Get together with other grant managers and find the best practices across agencies and use them to organize a better system. Think bigger about sustainability after funding, have a mind-set of spending the dollar once. Is it a punch in a down pillow and shows effect as long as there is a fist in the pillow? Is it likely that the pillow will puff back up after the funding is over? What new ideas might make the grant design and system more effective and useful? Is anyone else doing something similar (this is likely).
I like training and capacity building at every stage of the grant making process, everyone, even those who are not granted, are left better off for having responded to the RFP. Use the RFP as a tool, as well as a grant framework. Be available to grant seekers with information to help them write a better grant.
Most of the training and TA initiatives, attached to a grant program, follow a very typical pattern. Grantees organize a community team, come to a training event for several days, everyone gets fired up and excited and the expectation is they will bring it back to their community and share it.
Great idea, rarely happens, when they return to their communities. Depending on who is on the team, many members do not have the leadership or decision making authority in their own organizations to change policy or time in their job to do any kind of real training.

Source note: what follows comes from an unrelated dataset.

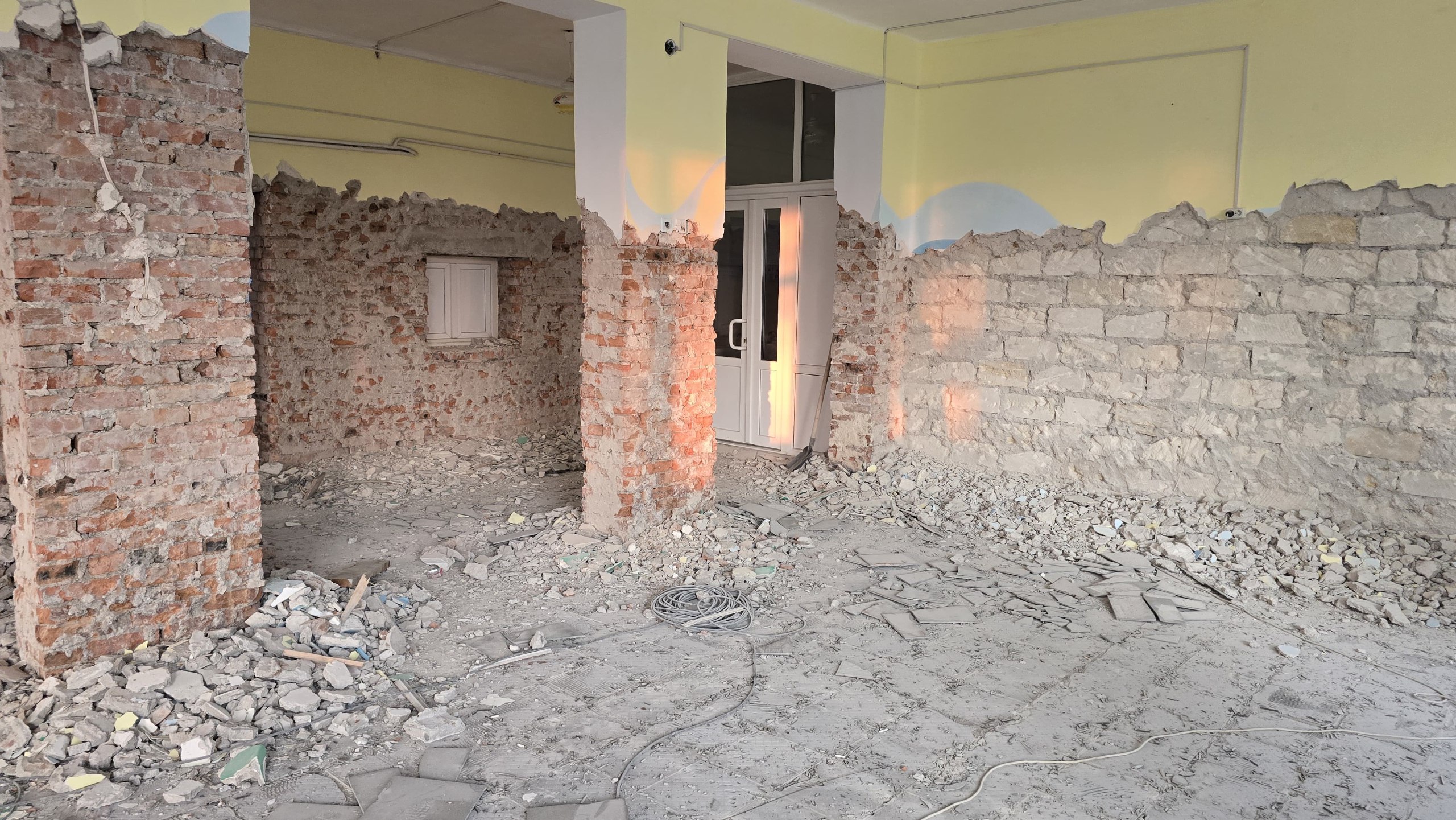 В школах Ейского района идёт масштабный ремонт пищеблоков 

I wouldn’t call it training either. Much of the time it is sharing information on relevant subjects, with a variety of speakers and workshops. I have rarely seen a team get actual training, acquiring new skills and practice.
Usually, these events are “evaluated” as the event is closing or after each session. These results might tell you how lunch was or if the room was too hot or cold, rarely anything of real value. We found that post and posting again might give you some insight into what actually happened after the teams went home.

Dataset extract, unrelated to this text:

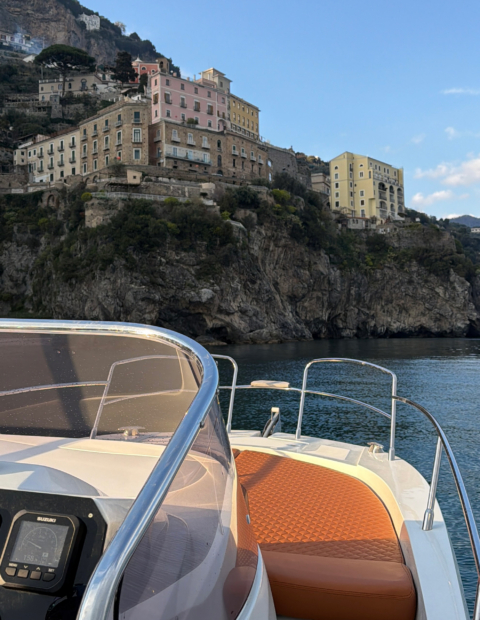 Boat and yacht booking - Tours guide in Italy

At every step of the way, I ask, “is this truly skill building or is it education (which is fine, just name it right), is this Capacity Building?”
I’d like to see grant specialists have the opportunity to be more involved with their grantees, to supply information, expertise, doing everything possible to make sure the grantee is successful, every step of the way. That is job one.
As a grantee, either Principal Investigator or Team Member or Staff Member, each of these people may or may not have any “power” in their own organization to change much. Do they have the authority to coordinate their effort with any other similar effort in the community really?
Can they use new technology to develop systems and policy in their own communities? How are they able to capitalize on the other grantees in the grant program across the country? Different communities may find they need different training and education, at different times, depending on the project and the community.
I could go on and on. You have probably already thought of this. I am interested in making grant-making and grantees highly effective. Grantees usually do not have all the information, education and skills needed to implement the grant without real support.
I believe in intermediary organizational support if possible.
I’d like to see grants developed and managed over a continuum – from the idea to the implementation. Evaluation is a constant activity and all planning would benefit if it was done with results in mind.
I’d love to look at the grant making system, look at what has really worked to meet expectations over time and what hasn’t. I also want to wrap social media around each grant program. It would make a huge difference in all ways.
One last thought, I would get rid of redundancy of grant programs in the system, across agencies, look to coordinate more and leverage our resources and stop funding the same thing over and over again.
I could go on, just thought I’d add these thoughts to the discussion.